As insurers refuse to write new homeowners insurance policies in California, a real estate crash is on the way.

If you can't get insurance, you can't get a mortgage. It's that simple.

Climate change will bankrupt people, businesses, communities, states, and nations.

https://www.sfchronicle.com/california/article/insurance-allstate-fires-18130622.php

Allstate has quietly stopped new home insurance policies in California

Allstate, one of the largest property and casualty insurance providers in California, hit pause on new policies in California last year.

San Francisco Chronicle

@dangillmor So that's just Company
1. X - State Farm
2. Farmers Insurance
3. CSAA Insurance Exchange
4. Liberty Mutual
5. X - Allstate Corp.
6. Mercury Insurance
7. USAA
8. Auto Club Exchange
9. Travelers
10. Nationwide

So two of the top ten companies selling homeowners insurance policies in California have now stopped (marked with X). I guess that means more business for the rest of them. Capitalism!

@badtux @dangillmor Capitalism, in the sense of privatize profits, socialize risks. Many more have pulled out of local zip codes, such that there may be 1-3 giving quotes. But none of them want large groups of insured in WUI zip codes because of risk of loss on their bottom line. So a few will raise rates, but stop at a quota of total policies in an area substantially less than a greedy capitalist would! Collectively they’re abandoning the market; leaving the economic risk to cities counties & states. This was the way with earthquake insurance. With climate change, its hrowing to fire, flood, wind (tornado, hurricane)…
@dangillmor Isn't this really a fight over regulation? The insurers want to raise prices by more than the regulators will let them. That seems to be it, because they are refusing to issue any new policies, even in areas where fire danger is almost nonexistent.
@not2b That is certainly part of it, I agree.
@dangillmor Florida is facing a very similar problem. Insurers are leaving the state in droves, and policies are either being not renewed or jumping as much as 300% YoY.

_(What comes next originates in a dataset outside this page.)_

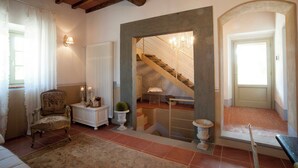 Une pièce comprenant une chaise, une petite table, un radiateur, un escalier et une porte.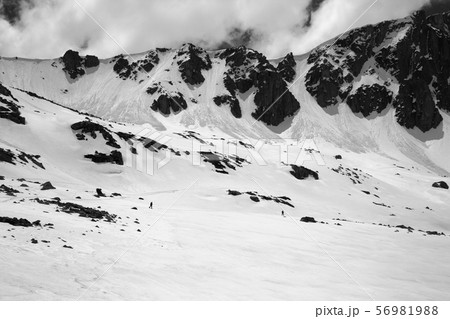 Black and white high mountains with snow cornice 56981988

@dangillmor Some companies stopped providing coverage to new customers; other companies are simply leaving the state.

(Our insurer has left the state and we have 2 months to find an alternative - most likely we will be forced into the California fallback system, the FAIR plan. Fortunately we started that search before the announcements by the big companies and we are near the front of the FAIR application queue.)

The California FAIR plan, that people will use as their ultimate fallback, is a mandatory system in which existing insurers are required to participate. But when those insurers pull out of the state the FAIR plan will find itself with a very small set of remaining insurance company members, thus making insolvency of FAIR easily foreseeable.

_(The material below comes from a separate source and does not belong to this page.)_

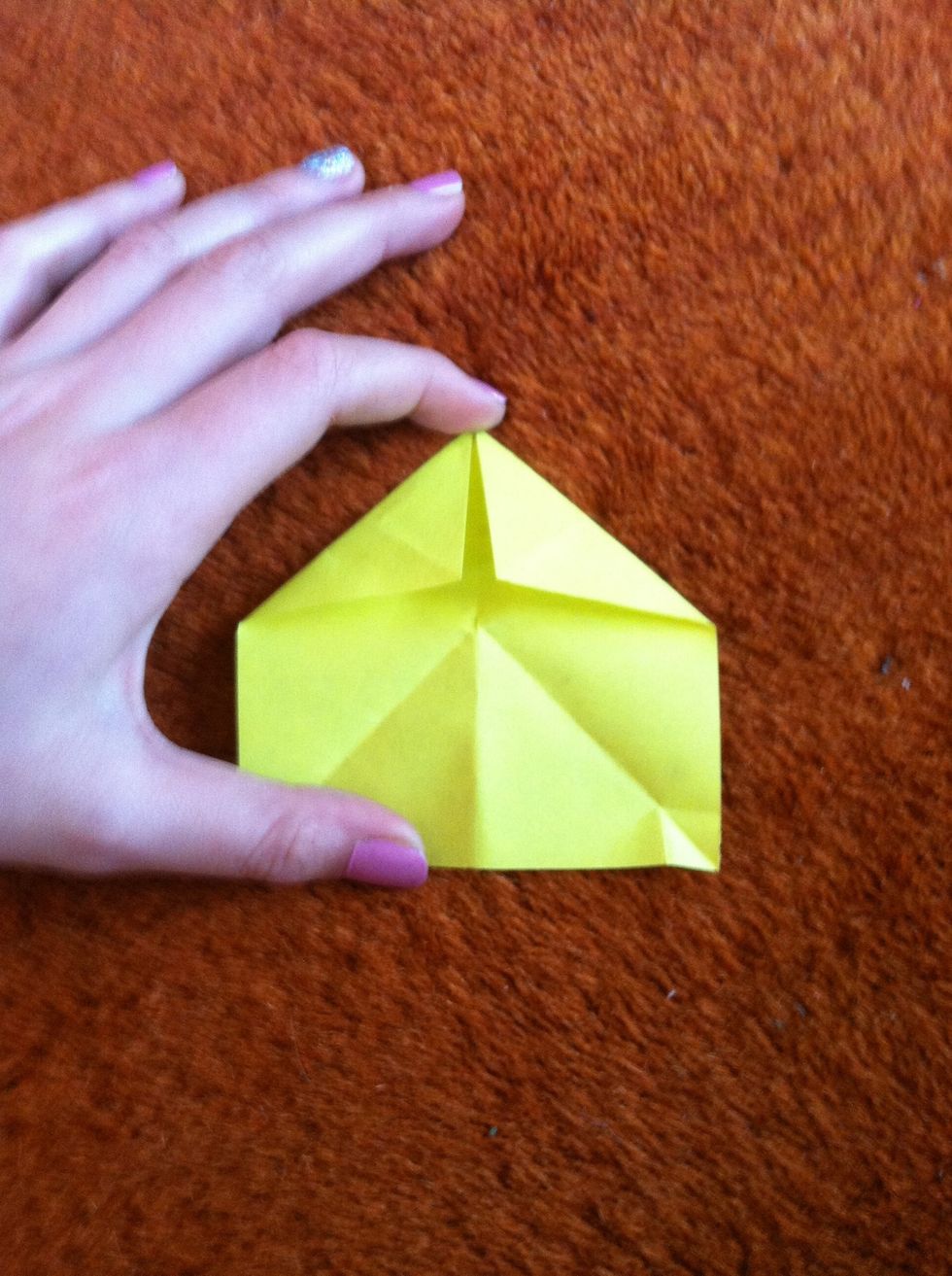 Bend the two edges to the middle of the square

@karlauerbach It'll be exactly like the semi-bogus "earthquake insurance" market -- high premiums for coverage that won't end up covering more than an inadequate portion of likely losses.

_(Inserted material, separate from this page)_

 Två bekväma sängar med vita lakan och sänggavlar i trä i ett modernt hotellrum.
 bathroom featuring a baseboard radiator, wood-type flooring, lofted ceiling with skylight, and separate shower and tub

@dangillmor The Calif FAIR plan is pretty basic and they even admit that it is inadequate. So there's a sort-of-formalized system of extra cost add-ons, from 3rd party companies, to fill some of the non-fire related gaps (like personal liability.)

It's natural and understandable for for profit companies to abandon a market when there is a chance of loosing money. But it seems to me that after covering someone for 20+ years that there ought to be more than 90 days notice of non-renewal.

What makes it more annoying is that we live in a wooded area subject to a "heritage tree" policy - which means we can not clear a "defensive fire space" around the house without getting a permit from the city, assuming we can convince the city forester to grant a permit, and pay a fee.

@dangillmor
I am curious to see whether when private insurers pull out ... some state/ federal government program manipulates the market back to accepting big risk. (Hello NFIP, meet your new friend NF2IP)
@dangillmor Florida has the same problem
@dangillmor
It is not climate change it is pollution pure and simple. The wording climate change allows the nay sayers to shrug it off. Pollution!
@dangillmor @Andrewhinton And California is just the first. Florida is next.
@dangillmor The two large insurers are not the only insurers...
@dangillmor This has been happening in Florida for many years now. Alstate dropped us after 20 years without a claim after Hurricane Charlie. They didn't mind collecting money they gambled on but didn't want to pay when they lost.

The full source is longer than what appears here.